Edward Waring – Instinctive Travels
Edward Waring is drawn to found objects. He seeks them out in auction showrooms and on the cluttered shelves of charity shops, reassembling them into new forms which explore the history of sculpture, the role of memory, and our relationship to the materials that accumulate around us across our lifetimes. The Sydney-based artist has created successive bodies of work which, while visually distinctive, share aesthetic and conceptual through- lines: from a children’s game to a favourite tinned food, from once-loved dolls to dust-collecting ornaments. The title of this exhibition riffs on the title of a 1990 record from A Tribe Called Quest, People's Instinctive Travels and the Paths of Rhythm. The hip hop group employed a diverse range of samples on the album, an approach sympathetic with Waring’s studio practice.

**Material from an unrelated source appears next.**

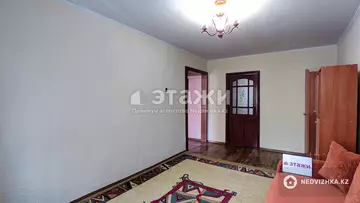 3-комнатная квартира, этаж 2 из 5, 60 м², на длительный срок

The works in Instinctive Travels, which Waring has dubbed memory sticks, investigate the potential of vintage crystal and glass. Anyone who came of age in 20th century Australia or (in Waring’s case) New Zealand, will recognise these once prized gifts and cherished heirlooms, which gradually accumulated in crystal cabinets and on mantlepieces across the suburbs. Set aside for a worthy occasion which never seemed to actually arise, they eventually made their way in droves to second-hand shops where they sit, still bearing the original stickers, gathering dust, a reflection of changing tastes and values.
Working instinctively in his ‘crystal lab’ to find formal balance in combinations of dishes, vases, ashtrays and candle-holders, the objects of his fascination have been turned on their heads, and accentuated through the introduction of colour. Waring paints the volume rather than the surface of these vessels, highlighting their interior curves and allowing light to play across the dimensions of the glass. The melancholy contained within these relics from a fading way of life, makes way for a warmer nostalgia, in which they are literally filled with colour and brought to life. Once upended, functionality gives way to form, and the viewer is drawn to the details, where transparent ubiquity had previously rendered them with a sameness.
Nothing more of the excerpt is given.